Storing old versions of the report can easily be done by copying the report file to and archive directory.

Wednesday, April 19, 2006

Optimisation of SQL Query

One of the biggest issues facing a Crystal Reports developed is the performance of the report. Many times I've heard users complain that a report takes too long to generate. A good approach to take to optimise performance is to analyse the SQL Query. In Crystal Reports you can view the SQL Query by going to the Database menu and selecting 'Show SQL Query'. You can extract this query and run it through a query analyser.

For Oracle databases you can use Toad to 'explain the plan'. This can tell you what indexes are being used or if the query does a full table scan to get the required data. Always try to make use of the indexes. Sometimes it may be worthwhile creating new indexes on the tables. In some cases you can add additional conditions to the selection formula record which will cause the database optimiser to select a different set of indexes.

At times there may be nothing more you can do so you should speak to your database administrator to see if they can improve the performance on the database side. There was a case where a report took a long time to run because it was not selecting best index. This was because the sample size was too small. The database adminstrator has set a sample size of 2000 records and this was used to specify which index to use for a table of 6 million records.

Tuesday, April 18, 2006

An alternative to Outer Joins

In Crystal Reports there is the option to link tables using outer joins. This allows you to show data from one table even though there is no corresponding data in another table. On large complex databases this can somtimes cause performance issues because a full table scan will be performed on the outer join table. This can be overcome by creating a view that always has a corresponding record and the outer join table is replaced by a field or fields that return null if there is no corresponding report.

An example would be:
create or replace view outer_join_vw (field1, field2) as
select field1, (select field2 from tableB B where A.field1 = B.field1)
from tableA A

Tuesday, April 11, 2006

Performance affected by Deep Linking

We had a Crystal Report that on average took 10 minutes to run. A job was logged that the report was taking a very long time to run when a certain set of criteria was specified. On running this report with this criteria, the report had not completed generating after 2 hours. So on analysing the report I discoved it had 'deep links'.

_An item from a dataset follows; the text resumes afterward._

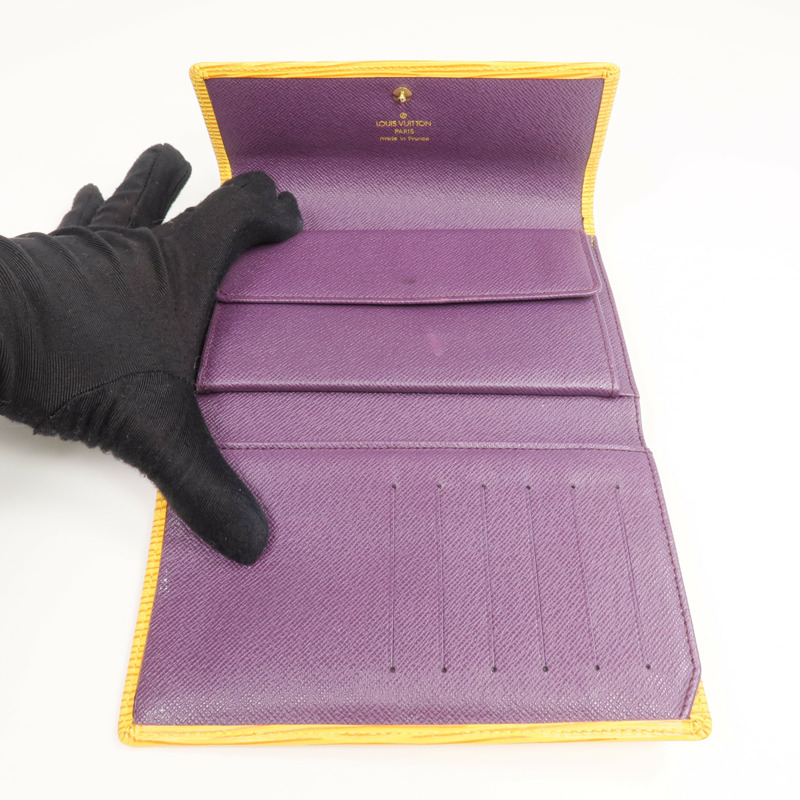 LOUIS VUITTON Epi Porte Tresor Etui Papier Wallet金扣錢包-21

What I mean by deep links is that table A links to table B which then links to table C which then links to table D and so on. What I did was change the linking structure so that table A links to table C and table A also links to Table D, thus going from 4 levels of linking to 2 levels. By removing this 'deep linking' the time taken to generate the reports was now 5 minutes irrespective of the criteria specified.

Monday, April 10, 2006

Exporting report with subreports

A project I worked on was to combine several compex reports into one report using Crystal 8.5. This was accomplished by adding each of the seperate reports as a subreport. Each of the subreports would be executed if they met a certain criteria and this was achieved by using suppression. They main aim of the consolidated report was to have it exported to excel. But when exporting the report it would take an extremely long time. The cause of the problem was that when exporting Crystal would still executed the subreport even though it was being suppressed. The work around was to create each row as a single text containing all the fields seperated by a comma. The report was then exported as PDF and we then used a PDF to text converter to create a text file. This file could then be imported into Excel. Hopefully this Excel exporting problem has been fixed in later versions of Crystal Reports.

Sunday, April 09, 2006

Barcode Fonts in PDF

As part of the invoicing requirements I had to add Barcodes to the reports. We obtained the Barcode font as well as a User Function Library which would encode the font. A problem we faced when emailing the invoices as PDF to the client was that the barcode did not work. This was because we were using Crystal 8.5 and the barcode font has to exist on the clients machine for it to come out. The best way to solve this problem is to upgrade to a later version on Crystal because the later versions can embed the font in the PDF.

Another problem we encountered with the barcode font was that when exporting to PDF the barcode would shrink to half its original size. To get around this we had to create the font double the size that it should be then when it was exported to PDF it would shrink to the correct size.